De cette place, les poètes devraient venir évoquer intelligemment l’œuvre du progrès sur un coin de nature, faire partir leurs rêves de configurations précises, et ressusciter, en songe, un délicieux tableau : la vallée de la Bièvre.
Prenons la rivière à sa perte dans la Seine, à l’endroit de sa belle largeur, près de la gare d’Orléans, aujourd’hui. Quelques tanneries, des moulins, s'éparpillent le long du courant. Voici le vieux pont de Poliveau. Mais le val commence (intersection de la rue Monge et de l’avenue des Gobelins), et la Bièvre court entre les collines de Sainte-Geneviève, de la Salpêtrière et du hameau de la Maison-Blanche ; l’onde rapide actionne le moulin de Croulebarbe ; elle se divise en deux lits qui se rejoignent bientôt, puis, là-bas, vers le sud, le cours d’eau zigzague dans les bouquets de bois ou parmi la verdure des prés hérissés de buissons ; des moulins à vent s'élèvent sur les hauteurs de la route d’Italie ; le petit mont, le mont Souris, et le mont Bicêtre livrent passage à la murmurante petite rivière, qui frôle Gentilly, pour aller arroser le coquet bourg La Reine.

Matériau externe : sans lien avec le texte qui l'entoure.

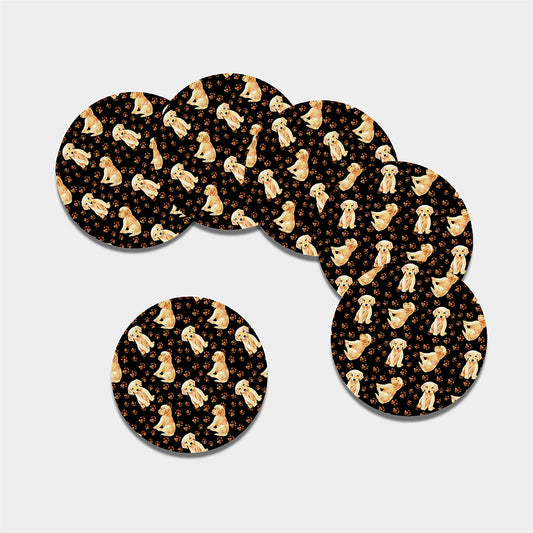 Labrador Retriever Puppy Pattern Print Leather Coaster Set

L'orientation est donnée par le profil de l'hôpital de Bicêtre sur la ligne d'horizon.
CC0 Paris Musées / Musée Carnavalet - Histoire de Paris
Le travail de l’homme n’a pu détruire le sillon de la Bièvre, et, d’ici, nous pouvons revoir les formes de ce qui fut sa riante vallée.
Le boulevard d’Italie a conservé le creux du vallon, et c'est par là, dans ce lieu encore désert, et jadis isolé, que reposent les ruines du vieil hôtel — ou autel — des amours discrètes... ; les murs effrités entourent un jardin où la végétation a repris, tous ses droits de libre vagabondage, et c’est exquis cette vue sur ces vestiges abandonnés qui dorment sous les feuillages jaunissant et les fleurs fanées. Mais ce treizième arrondissement réserve d’autres aspects dont on a bien peu parlé.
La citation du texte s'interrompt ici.